Tuesday, March 16, 2010

Down Cycle

This week has felt a bit of a let down. I finished a fantastic weekend at the Anusara workshop and hosting a sweet friend at our house... and thought that heading into the week I'd be riding high. Then the weather yesterday was really harsh, cold, windy, and wet, and despite a great morning session with an always-uplifting and inspired private client, I began to feel my energy dip as the day wore on. My day today started out alright today, but after a challenge early this morning I am feeling a bit de-centered. It's sometimes hard to follow my own advice to ride the wave with ease and contentment. Most of my struggles are internal. I have a beautiful, blessed life with many comforts and loving people supporting me. But feelings of joy and gratitude are so often tempered with feelings of doubt and remorse for things said and unsaid, mostly to myself... or ways I could have handled different situations. I feel often that I either say whatever pops into my head or that I fail to say something that is so obviously important upon retrospect, I silently curse myself (yes, me, curse myself!) for not thinking to say it.

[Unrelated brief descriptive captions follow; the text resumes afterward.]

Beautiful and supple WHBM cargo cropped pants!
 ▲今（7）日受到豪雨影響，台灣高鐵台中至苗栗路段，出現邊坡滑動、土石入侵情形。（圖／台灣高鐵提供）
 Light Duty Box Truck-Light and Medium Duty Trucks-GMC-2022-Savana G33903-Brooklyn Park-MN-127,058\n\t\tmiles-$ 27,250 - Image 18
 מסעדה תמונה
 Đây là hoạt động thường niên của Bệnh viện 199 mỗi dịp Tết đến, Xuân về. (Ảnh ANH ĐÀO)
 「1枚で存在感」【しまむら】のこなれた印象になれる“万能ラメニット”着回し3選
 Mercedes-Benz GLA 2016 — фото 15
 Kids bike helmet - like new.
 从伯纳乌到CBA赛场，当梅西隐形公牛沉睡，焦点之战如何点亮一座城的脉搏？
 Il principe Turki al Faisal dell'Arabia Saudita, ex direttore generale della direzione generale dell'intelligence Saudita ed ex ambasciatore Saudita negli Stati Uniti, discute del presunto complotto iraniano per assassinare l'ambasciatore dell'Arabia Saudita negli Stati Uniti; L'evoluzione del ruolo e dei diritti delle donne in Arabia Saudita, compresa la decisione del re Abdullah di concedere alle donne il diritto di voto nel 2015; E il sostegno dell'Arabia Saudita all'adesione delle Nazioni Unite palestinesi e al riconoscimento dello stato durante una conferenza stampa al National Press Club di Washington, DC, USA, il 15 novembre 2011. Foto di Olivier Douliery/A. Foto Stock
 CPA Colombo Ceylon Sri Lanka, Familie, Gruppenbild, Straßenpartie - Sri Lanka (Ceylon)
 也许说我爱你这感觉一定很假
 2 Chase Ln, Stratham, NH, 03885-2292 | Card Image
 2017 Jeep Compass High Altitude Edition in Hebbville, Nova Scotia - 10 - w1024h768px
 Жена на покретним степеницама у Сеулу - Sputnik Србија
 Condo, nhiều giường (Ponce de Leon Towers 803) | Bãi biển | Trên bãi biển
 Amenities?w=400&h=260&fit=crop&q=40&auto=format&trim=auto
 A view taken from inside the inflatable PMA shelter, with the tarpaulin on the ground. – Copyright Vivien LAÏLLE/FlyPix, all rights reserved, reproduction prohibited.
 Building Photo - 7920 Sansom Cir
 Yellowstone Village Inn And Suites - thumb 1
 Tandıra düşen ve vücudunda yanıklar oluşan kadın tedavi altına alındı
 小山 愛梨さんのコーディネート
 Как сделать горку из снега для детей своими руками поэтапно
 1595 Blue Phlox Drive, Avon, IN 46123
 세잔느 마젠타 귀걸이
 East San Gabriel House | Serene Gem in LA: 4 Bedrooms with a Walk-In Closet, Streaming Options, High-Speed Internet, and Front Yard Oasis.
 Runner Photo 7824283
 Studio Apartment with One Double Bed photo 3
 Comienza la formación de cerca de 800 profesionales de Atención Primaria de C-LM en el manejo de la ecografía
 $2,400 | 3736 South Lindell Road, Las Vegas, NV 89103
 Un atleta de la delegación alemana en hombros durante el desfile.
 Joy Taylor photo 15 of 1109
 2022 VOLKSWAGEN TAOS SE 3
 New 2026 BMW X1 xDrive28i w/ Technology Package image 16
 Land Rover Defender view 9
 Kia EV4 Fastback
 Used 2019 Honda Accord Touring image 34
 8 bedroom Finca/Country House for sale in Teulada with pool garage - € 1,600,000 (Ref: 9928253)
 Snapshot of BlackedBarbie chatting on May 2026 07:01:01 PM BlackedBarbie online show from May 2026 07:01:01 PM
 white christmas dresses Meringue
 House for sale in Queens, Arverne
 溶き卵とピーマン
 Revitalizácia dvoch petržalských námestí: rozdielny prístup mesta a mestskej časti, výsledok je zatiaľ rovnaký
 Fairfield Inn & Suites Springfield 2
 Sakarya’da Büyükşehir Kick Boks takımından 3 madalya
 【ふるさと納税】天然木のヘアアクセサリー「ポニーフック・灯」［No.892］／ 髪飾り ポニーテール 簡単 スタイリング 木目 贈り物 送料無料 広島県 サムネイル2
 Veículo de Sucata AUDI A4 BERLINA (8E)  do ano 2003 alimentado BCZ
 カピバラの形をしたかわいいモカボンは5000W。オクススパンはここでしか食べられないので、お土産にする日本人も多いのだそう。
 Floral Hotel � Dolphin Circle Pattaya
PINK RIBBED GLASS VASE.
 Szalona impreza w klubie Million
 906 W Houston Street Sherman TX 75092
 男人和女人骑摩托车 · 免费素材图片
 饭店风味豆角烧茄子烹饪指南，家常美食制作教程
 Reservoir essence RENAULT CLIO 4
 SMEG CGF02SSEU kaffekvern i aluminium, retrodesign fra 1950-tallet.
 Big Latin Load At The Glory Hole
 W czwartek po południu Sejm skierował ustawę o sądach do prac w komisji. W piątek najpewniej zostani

I know I am not drinking enough water for the amount of classes I am teaching lately (14 this week!) and my breakfast too often consists of a Lara Bar (the banana ones are delicious, by the way) and a cup of coffee with soy milk. I need to learn more to pay attention to my body's needs (something I also preach but often fail to practice).

The sun has just come out and the weather is said to be warmer as the week progresses. I have a calmer (sort of) end to the week. Maybe I will go get a massage or something, break up all the gook that is clogging me up.

I sure wish someone had some smart, comforting words to make this feeling of heaviness drift away.